Interesting use case, maybe we can create multiple k8s agents for different queues
I’m going to investigate this specific use case and will get back to you
Hey ApprehensiveSeahorse83 , I didn’t forget about you, it’s just a busy time for me; will answer during the day after a couple of more tests on my testing env.
Hi ApprehensiveSeahorse83 , today we released clearml-agent
chart that just installs glue agent. My suggestion is to disable k8s glue and any other agent from the clearml
chart and install more than one clearml-agent
chart in different namespaces. In this way you will be able to have k8s glue for every queue (cpu and gpu).
but the system account key and secret can’t be the same for every installation, no? i need to generate specific one for my installation, no?
if they are in kubernetes you can simply use k8s glue
In this case I suggest to give a try to k8s-glue that is there by default in latest chart version
For now we used a workaround and forked the helm charts repo and we changed in the agents deployment.yaml, instead of taking the key and secret from the clearml-conf secret we take them from another secret we created so the server does not “know” about this new key and secret and does not reset them
for now we used fixed number of cpu agents but it will be better if it was dynamic with glue agent
we already using glue to manage our gpu pods.
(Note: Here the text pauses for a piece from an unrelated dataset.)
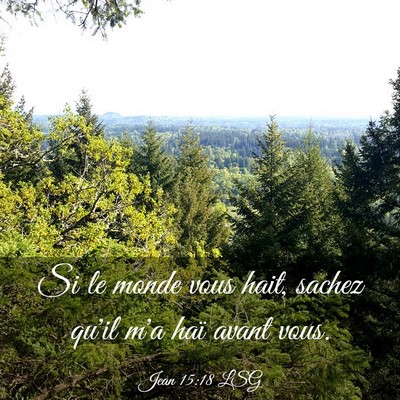 Picture 03 - Jean 15:18 LSG - Si le monde vous hait, sachez qu'il m'a haï - Bible Verse Picture
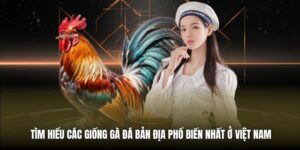 Tìm Hiểu Các Giống Gà Đá Bản Địa Phổ Biến Nhất Ở Việt Nam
The agents we use for the pipelines are simple cpu agent.
but I will try to find something good for you
can we use multiple k8s-glue - one for cpu and one for gpu pods?
regardless of this I probably need to add some more detailed explanations on credentials configs
not urgent after we used the workaround
O k, I’d like to test it more with you; credentials exposed in chart values are system ones and it’s better to not change them; let’s forget about them for now. If you create a new accesskey/secretkey pair in ui, you should use these ones in your agents and they shuld not get overwritten in any way; can you confirm it works without touching credentials
section?
Not sure I understand, you are saying I should not create user credentials and add them in values.yaml at secret.credentials.apiserver and secret.credentials.tests. ?
since the gpu is expensive we want the glue to manage the pods
and then use them in agents if they are external
still need time because I have two very busy days